In My Old Establishment Resides a Monster


Leonora Carrington - "The House Opposite" (1945)

Today I received the most tragic news – a young man, thoroughly disagreeable and rude, has taken residence in my former apartment. This is too much for the sensitive heart of a small lady.

I have come to understand that every dwelling (save those freshly built) is haunted. Every real-estate agent knows this – they simply choose to keep this knowledge from their clients. How could it be otherwise? We use bathrooms daily, shower and defecate, cry and make love in these spaces. So they are making us believe that entirely real existence just vanishes from apartments we formerly and formally inhabited? Huh, this might fly for some people, but not for a crazy genius like myself. How could we not shed our souls there?

I truly believe that we are born with 100% of our soul. Slowly, over our lifetime, we shed most of it until we reach 0% - that's when we die, fully blended into the world.
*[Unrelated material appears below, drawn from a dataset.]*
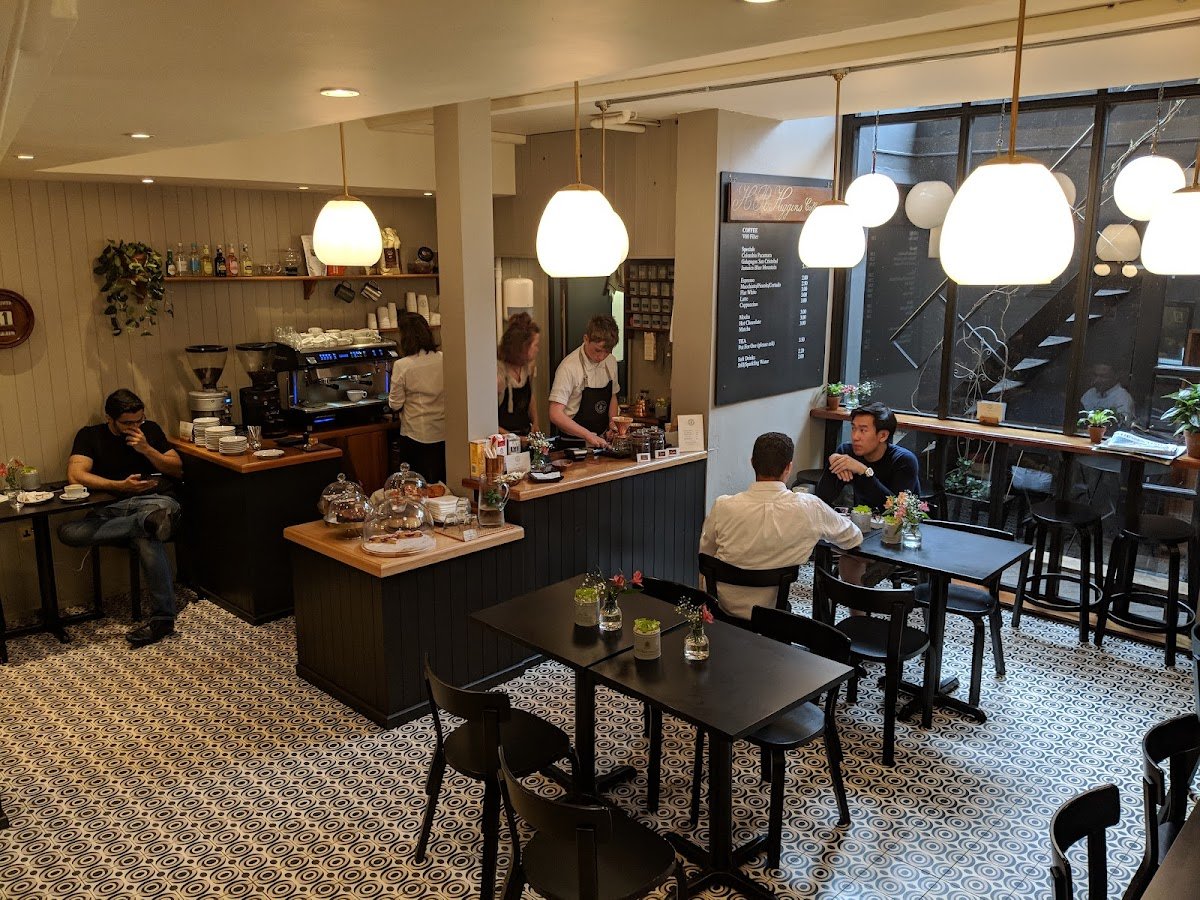 H.R.Higgins specialty coffee shop in London - photo 5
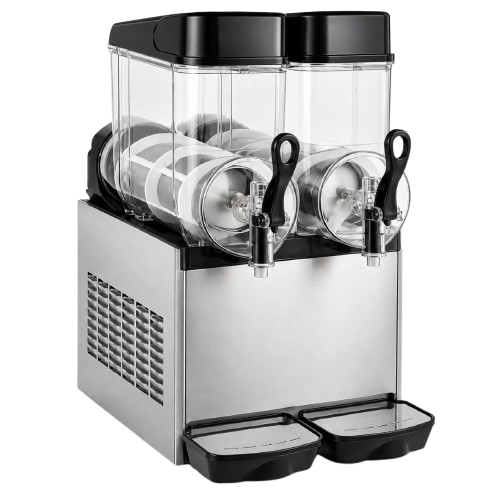 Granizadora Doble 2x15 Ecobeck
Most of this soul-shedding happens in our homes.

You could hear breath in every room of that house, the breathing of all who had ever slept there, talked there, loved there, died there; it comes up through the floors and down through the ceilings, seeping through walls, floating in through windows.
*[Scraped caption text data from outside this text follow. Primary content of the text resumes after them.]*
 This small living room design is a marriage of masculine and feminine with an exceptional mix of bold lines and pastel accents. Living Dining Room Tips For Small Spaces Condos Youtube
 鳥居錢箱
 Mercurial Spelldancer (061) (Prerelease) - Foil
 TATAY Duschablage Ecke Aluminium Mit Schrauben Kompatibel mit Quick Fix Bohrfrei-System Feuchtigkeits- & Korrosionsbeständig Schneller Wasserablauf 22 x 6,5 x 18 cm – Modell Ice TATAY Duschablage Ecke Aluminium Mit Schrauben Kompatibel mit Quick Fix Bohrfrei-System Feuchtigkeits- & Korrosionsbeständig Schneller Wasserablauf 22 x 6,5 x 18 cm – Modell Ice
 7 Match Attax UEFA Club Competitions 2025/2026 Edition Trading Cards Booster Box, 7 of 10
These fragments of our souls, once deposited, continue their impact on future residents and with the homes, forming something altogether new. Take my last apartment on Congress Street. I visited the new tenant – a thoroughly average Duncan, exactly what you'd expect a Duncan to be. But that's what my soul needed to Americanize and for me to get my green card. Duncan might have been basic, but at least he was polite.
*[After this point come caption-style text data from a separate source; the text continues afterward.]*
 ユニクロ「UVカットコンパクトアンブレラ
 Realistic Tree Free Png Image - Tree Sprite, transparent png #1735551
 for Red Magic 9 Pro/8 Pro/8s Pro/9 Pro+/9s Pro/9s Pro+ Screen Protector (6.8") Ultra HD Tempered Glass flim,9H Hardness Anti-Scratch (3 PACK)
But now! Now my former sanctuary houses this objectively rude creature. Ah, poor home. Its tenants before me were just unfortunate: one was a drunkard (forcibly evicted) and a woman who met her end within those very walls. It terrifies me to think that perhaps my brief tenure there was the only time that apartment knew love.

These houses, dear reader, go through a lot. That 1880 dwelling has digested a century of human misery – wars, suicides, births in bathtubs, bad sex in good marriages, and good sex in bad marriages. But most pitiful are those tourist apartments, they are basically prostitutes. They open their doors for anyone with a credit card, taking in soul after soul until they forget their own name.

We owe it to these dwelling places, and to those who will inhabit them after us, to fill them with something worth inheriting. I'm going to talk to this new tenant ASAP.